((

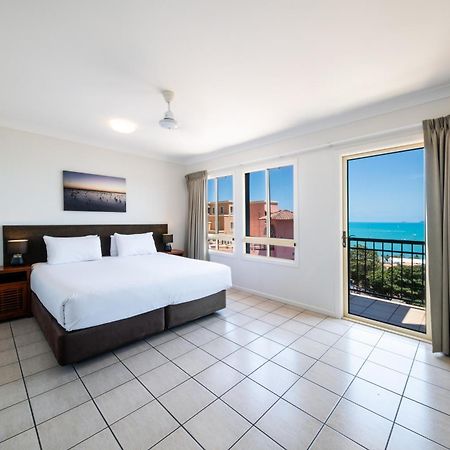 Martinique Whitsunday Resort Airlie Beach Exterior photo
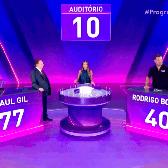 Raul Gil 'perde as calças' em programa no SBT; veja o momento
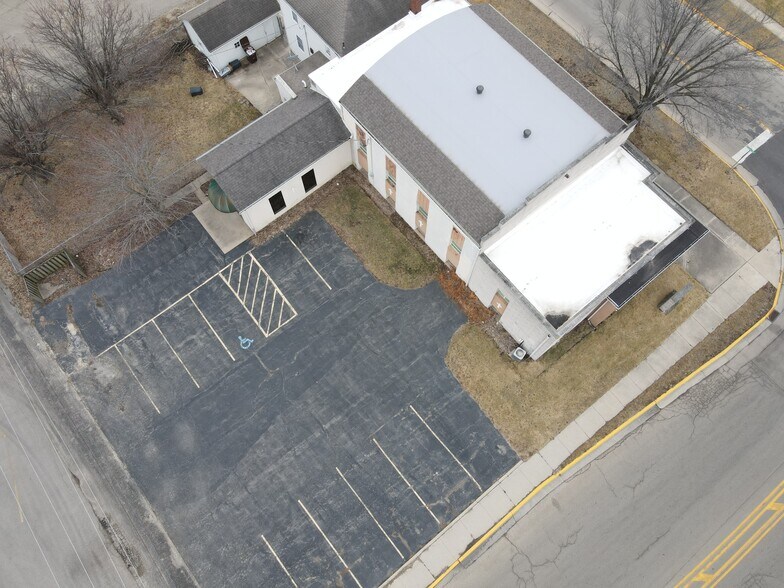 More Photos Of 109 S Washington St, Rochelle Religious Facility For Sale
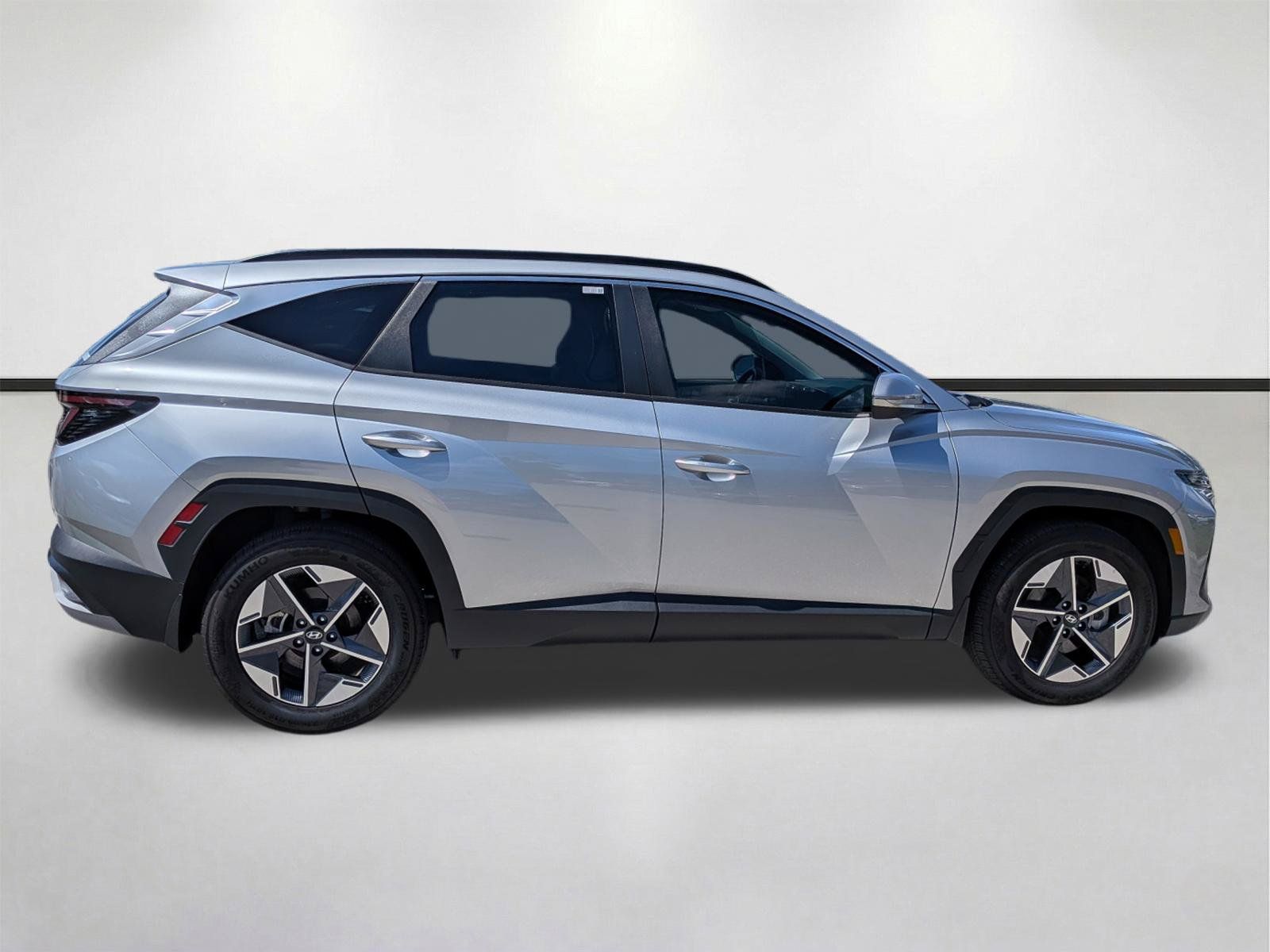 Used 2025 Hyundai Tucson SEL FWD image 3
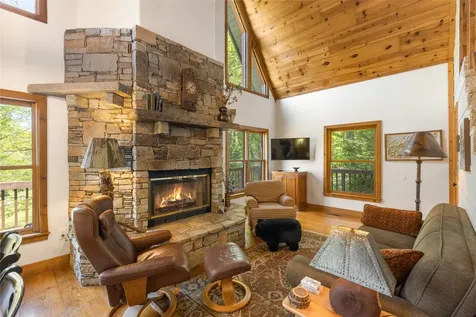 227 Lullwater Cove Cullowhee NC 28723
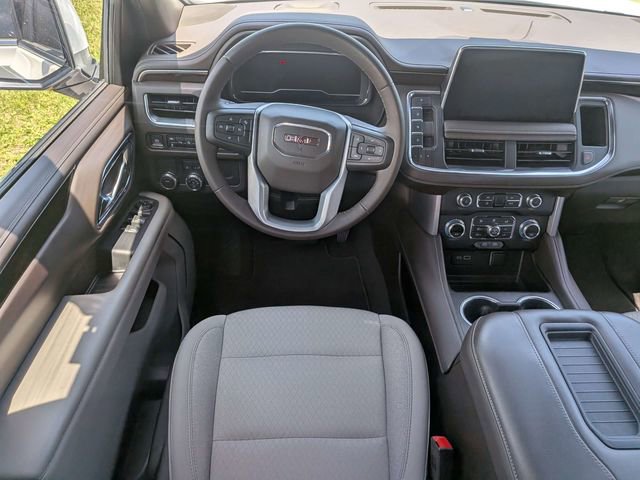 Used 2022 GMC Yukon SLE w/ Gmc Pro Safety Plus Package RWD image 12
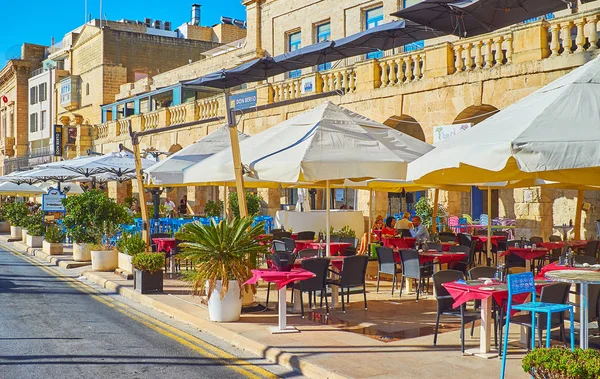 Birgu Malta Giugno 2018 Terrazza Ombreggiata Dell Accogliente Caffè All — Foto Stock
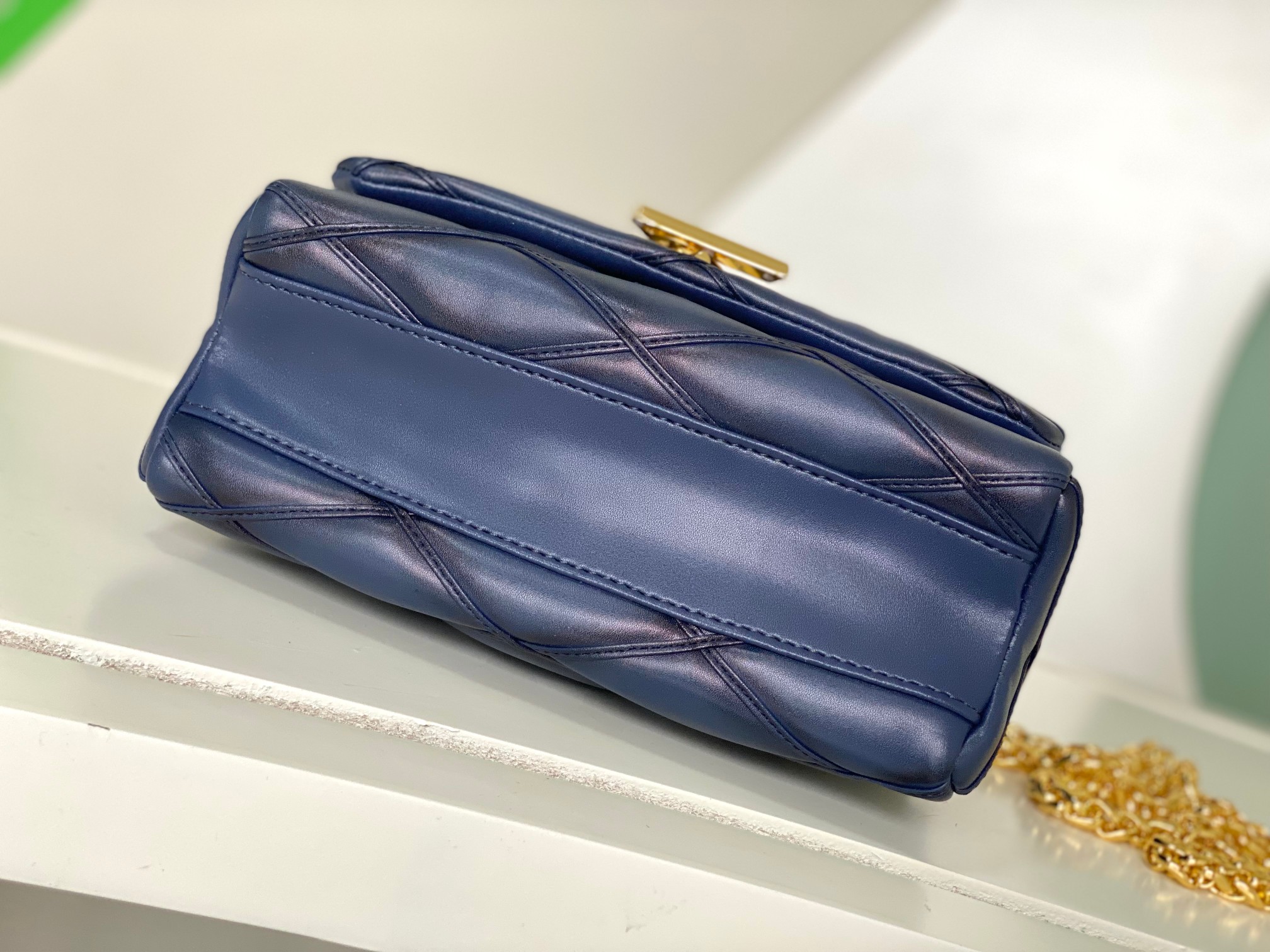 Louis Vuitton GO-14 Twist Medium Shoulder Bag - Image 4
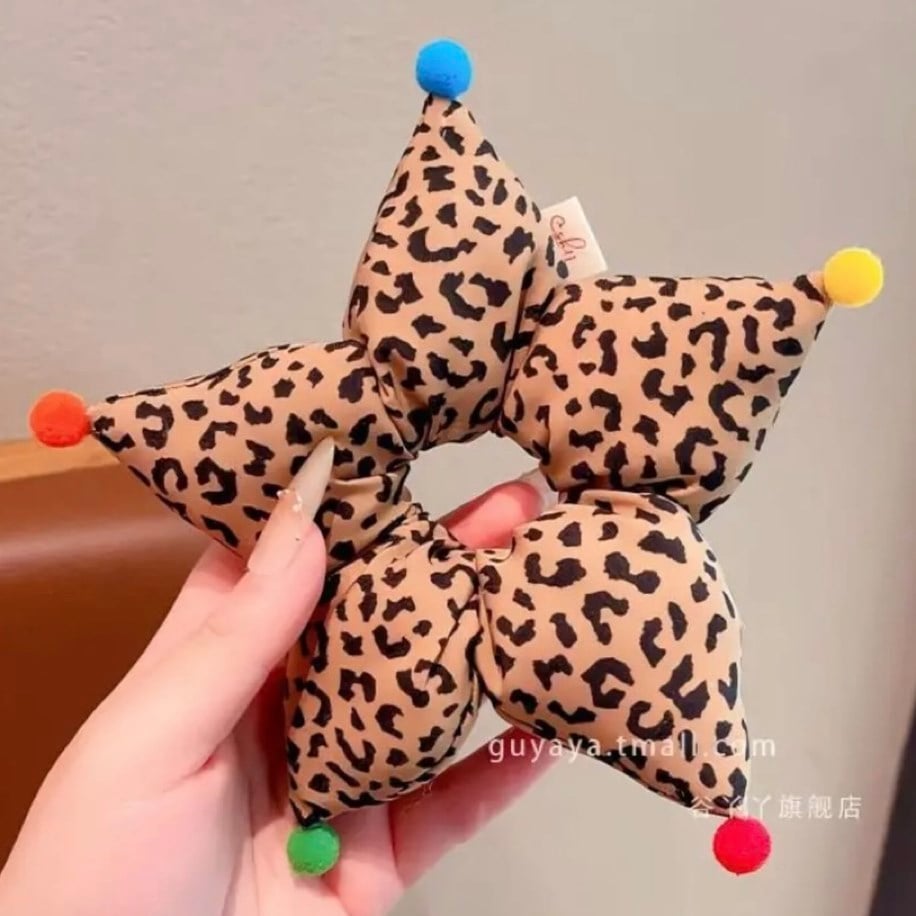 PONPONLU LEOPAR PUF YILDIZ TOKA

))

● **WHAT IS BEING ASKED**
Retype each line above exactly and leave out any picture.

● **ANSWER FOR THIS EXERCISE**
 Martinique Whitsunday Resort Airlie Beach Exterior photo
 Raul Gil 'perde as calças' em programa no SBT; veja o momento
 More Photos Of 109 S Washington St, Rochelle Religious Facility For Sale
 Used 2025 Hyundai Tucson SEL FWD image 3
 227 Lullwater Cove Cullowhee NC 28723
 Used 2022 GMC Yukon SLE w/ Gmc Pro Safety Plus Package RWD image 12
 Birgu Malta Giugno 2018 Terrazza Ombreggiata Dell Accogliente Caffè All — Foto Stock
 Louis Vuitton GO-14 Twist Medium Shoulder Bag - Image 4
 PONPONLU LEOPAR PUF YILDIZ TOKA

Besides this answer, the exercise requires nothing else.